Assignment:
Only the pictures should be left out; repeat the rest of the data exactly.

Data extract:
= = =

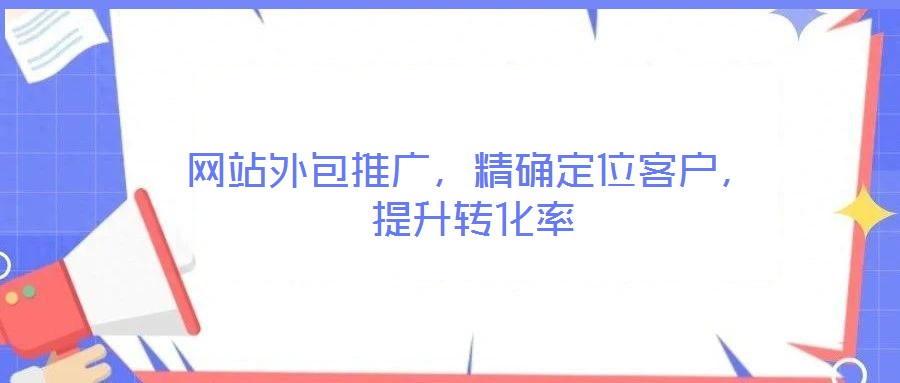 網站外包推廣，精確定位客戶，提升轉化率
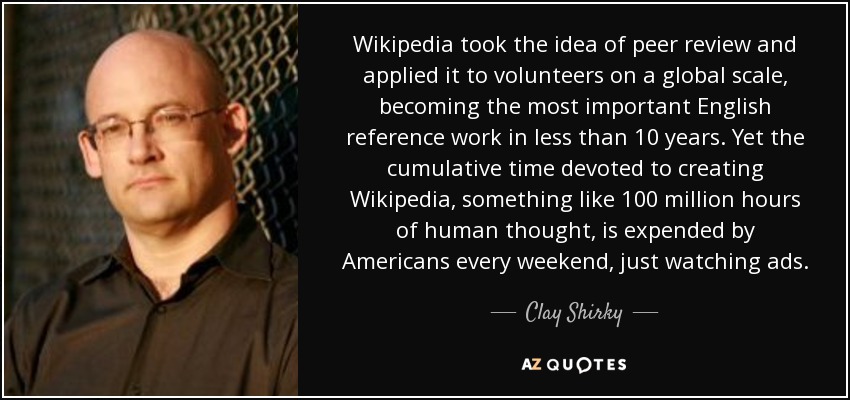 Wikipedia took the idea of peer review and applied it to volunteers on a global scale, becoming the most important English reference work in less than 10 years. Yet the cumulative time devoted to creating Wikipedia, something like 100 million hours of human thought, is expended by Americans every weekend, just watching ads. - Clay Shirky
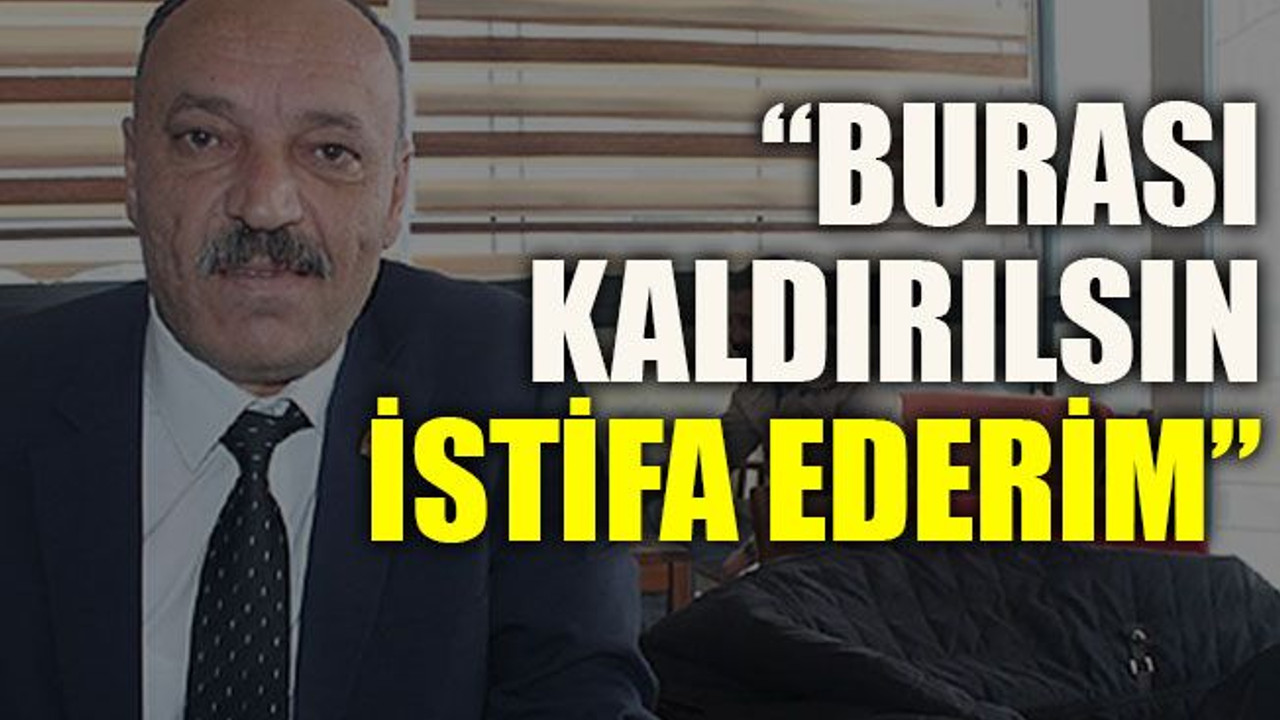 “Burası kaldırılsın istifa ederim”
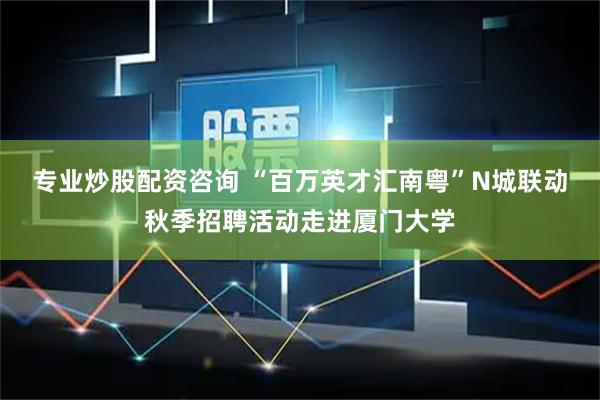专业炒股配资咨询 “百万英才汇南粤”N城联动秋季招聘活动走进厦门大学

= = =

Solution for this exercise:
 網站外包推廣，精確定位客戶，提升轉化率
 Wikipedia took the idea of peer review and applied it to volunteers on a global scale, becoming the most important English reference work in less than 10 years. Yet the cumulative time devoted to creating Wikipedia, something like 100 million hours of human thought, is expended by Americans every weekend, just watching ads. - Clay Shirky
 “Burası kaldırılsın istifa ederim”
专业炒股配资咨询 “百万英才汇南粤”N城联动秋季招聘活动走进厦门大学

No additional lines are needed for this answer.